◆ **BRIEF**:
Only the lines below from the one containing "鎼炵瑧gif娈靛瓙濡瑰瓙浣犲" through the one containing "Dynamic Beard Growth Confirmed for Witcher 3" belong in the answer, repeated exactly and without pictures.

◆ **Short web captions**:
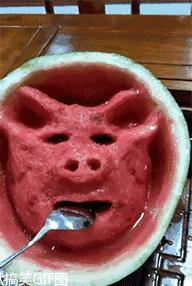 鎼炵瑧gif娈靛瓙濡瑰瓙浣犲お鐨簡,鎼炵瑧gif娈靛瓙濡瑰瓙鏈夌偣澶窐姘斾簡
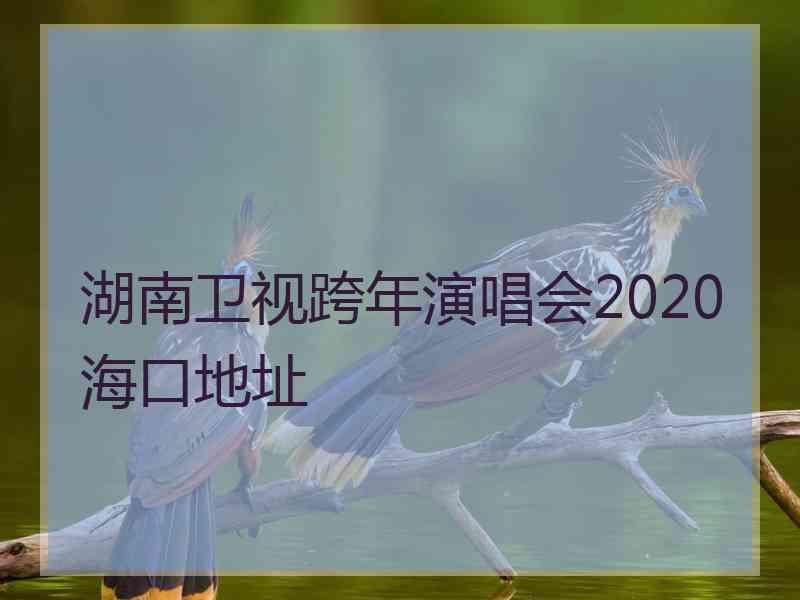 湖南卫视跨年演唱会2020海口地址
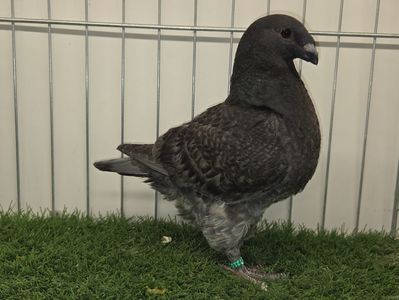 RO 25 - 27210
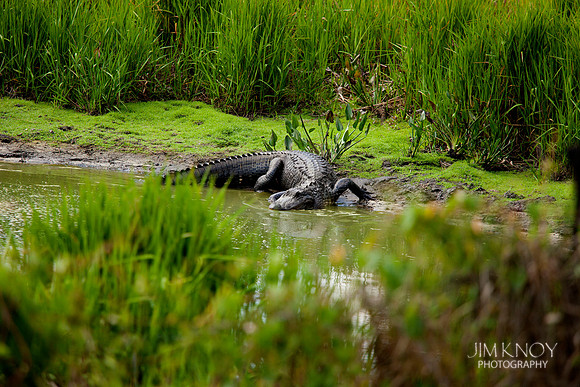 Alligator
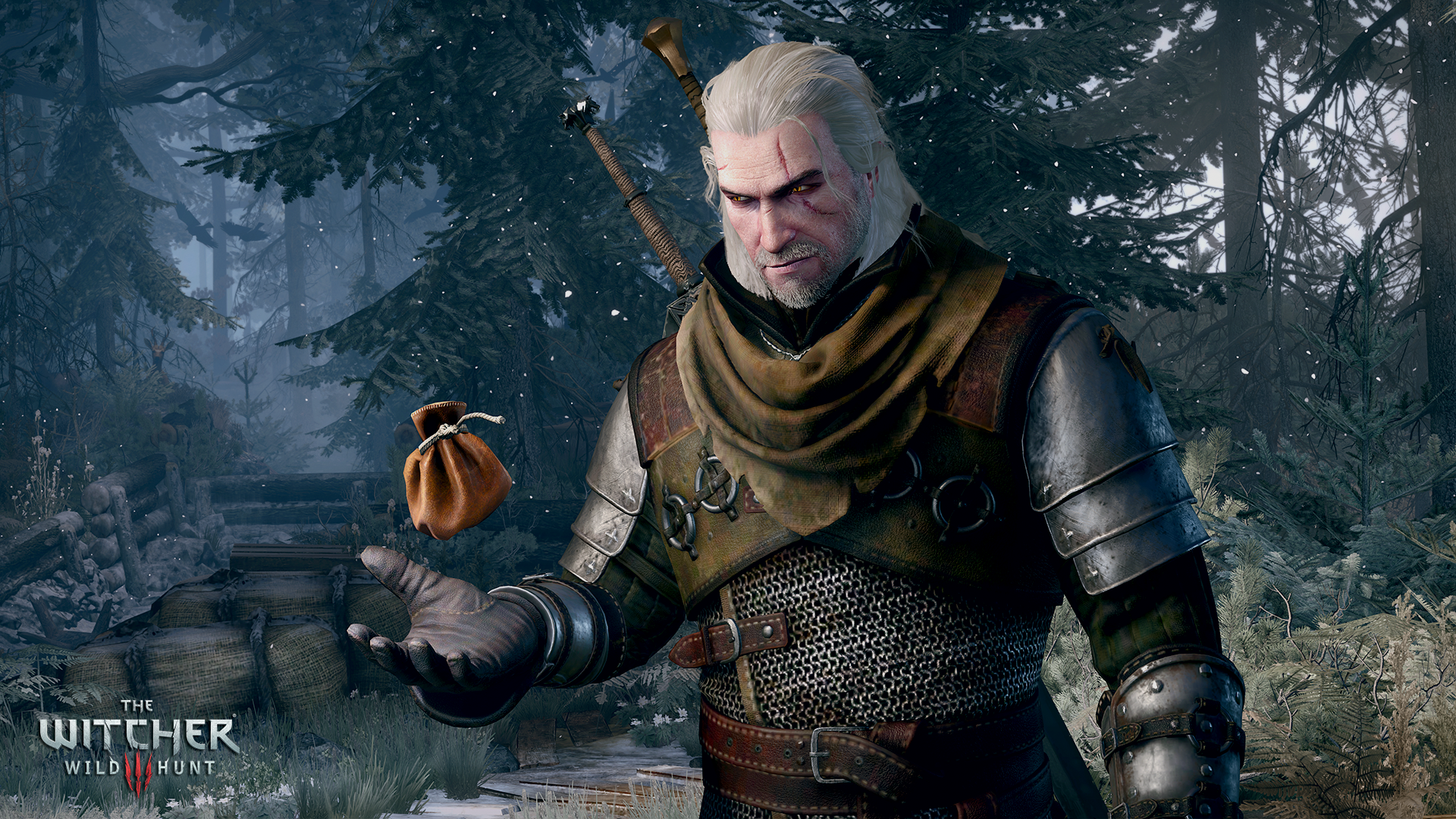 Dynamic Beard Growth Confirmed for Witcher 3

---

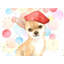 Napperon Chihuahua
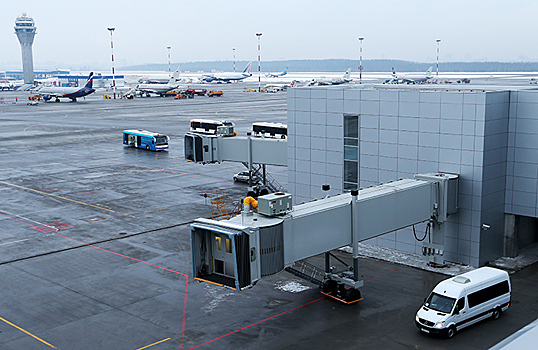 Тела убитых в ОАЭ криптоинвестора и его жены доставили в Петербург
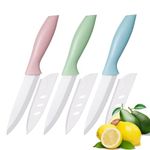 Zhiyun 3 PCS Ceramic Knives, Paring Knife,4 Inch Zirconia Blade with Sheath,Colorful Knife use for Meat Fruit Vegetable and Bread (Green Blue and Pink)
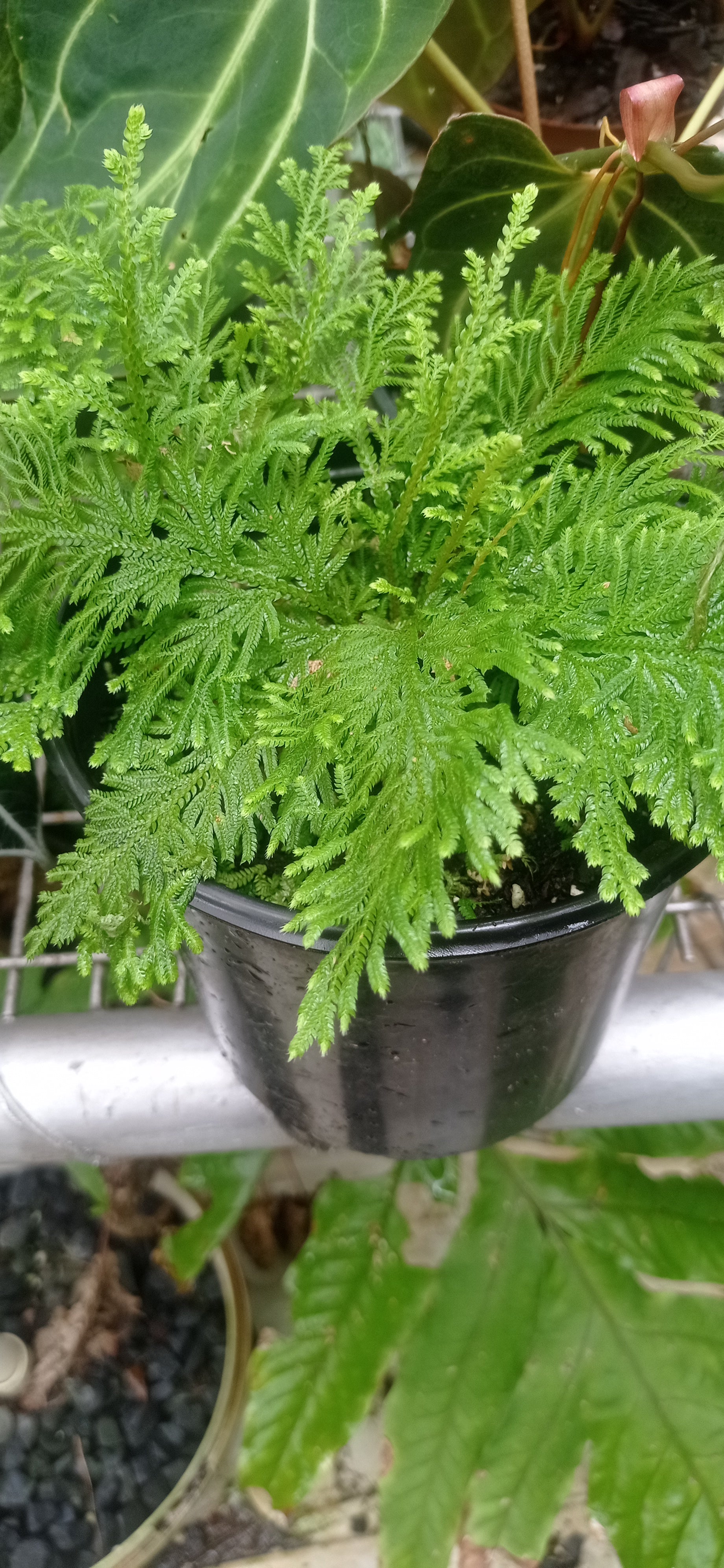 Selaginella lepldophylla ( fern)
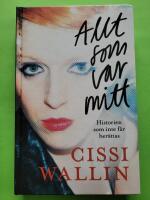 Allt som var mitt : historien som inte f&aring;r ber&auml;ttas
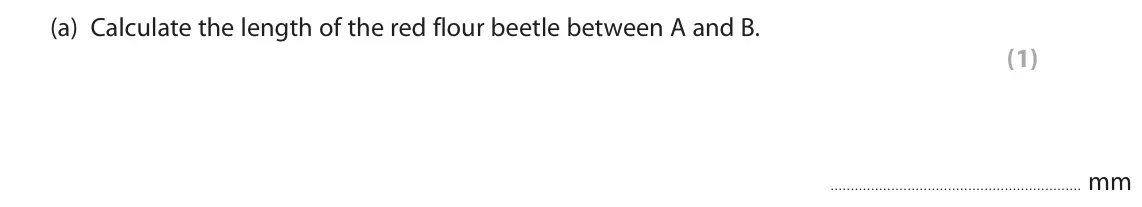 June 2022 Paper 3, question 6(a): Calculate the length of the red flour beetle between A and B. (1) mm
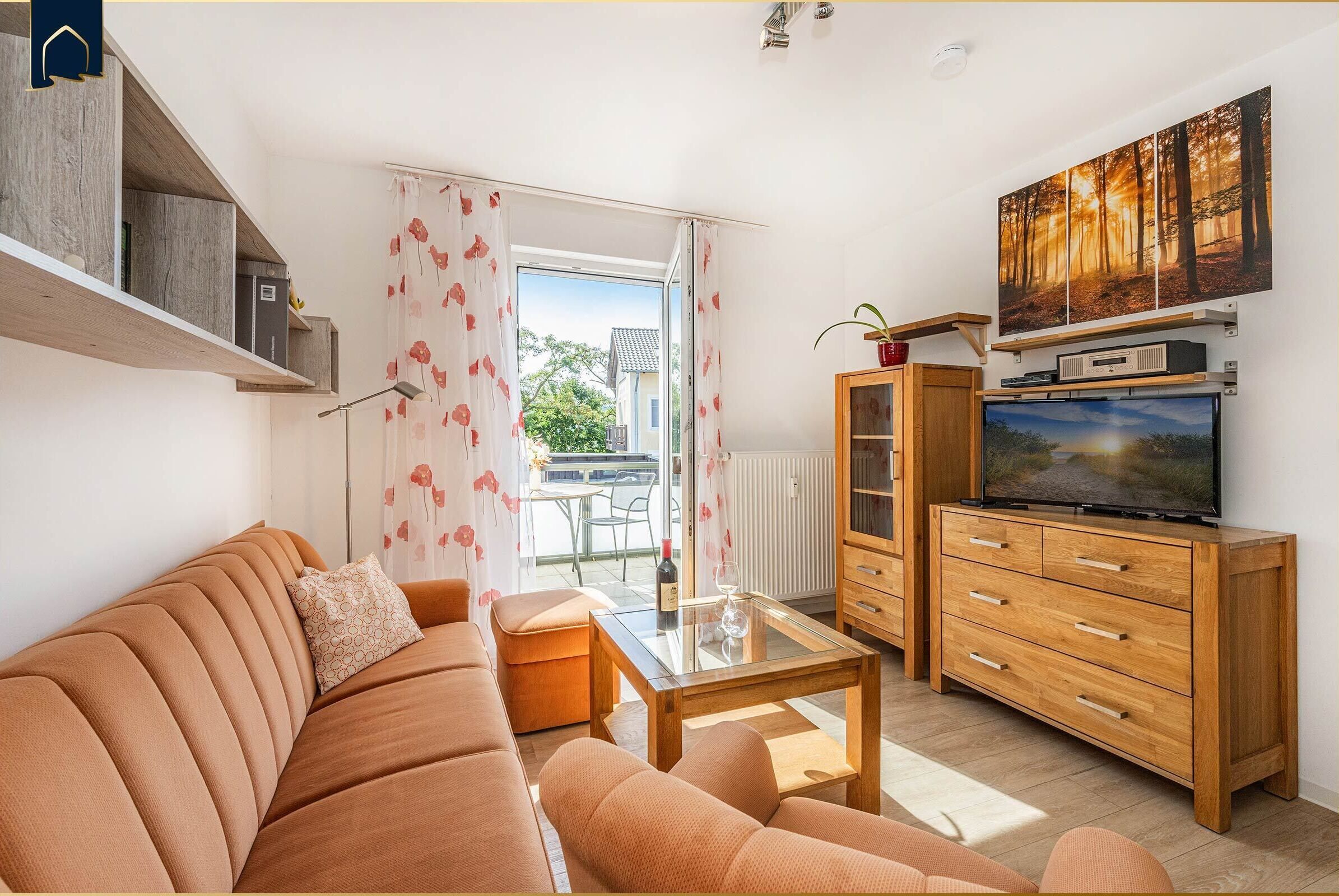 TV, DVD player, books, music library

◆ **SOLUTION TO THE EXERCISE**:
 鎼炵瑧gif娈靛瓙濡瑰瓙浣犲お鐨簡,鎼炵瑧gif娈靛瓙濡瑰瓙鏈夌偣澶窐姘斾簡
 湖南卫视跨年演唱会2020海口地址
 RO 25 - 27210
 Alligator
 Dynamic Beard Growth Confirmed for Witcher 3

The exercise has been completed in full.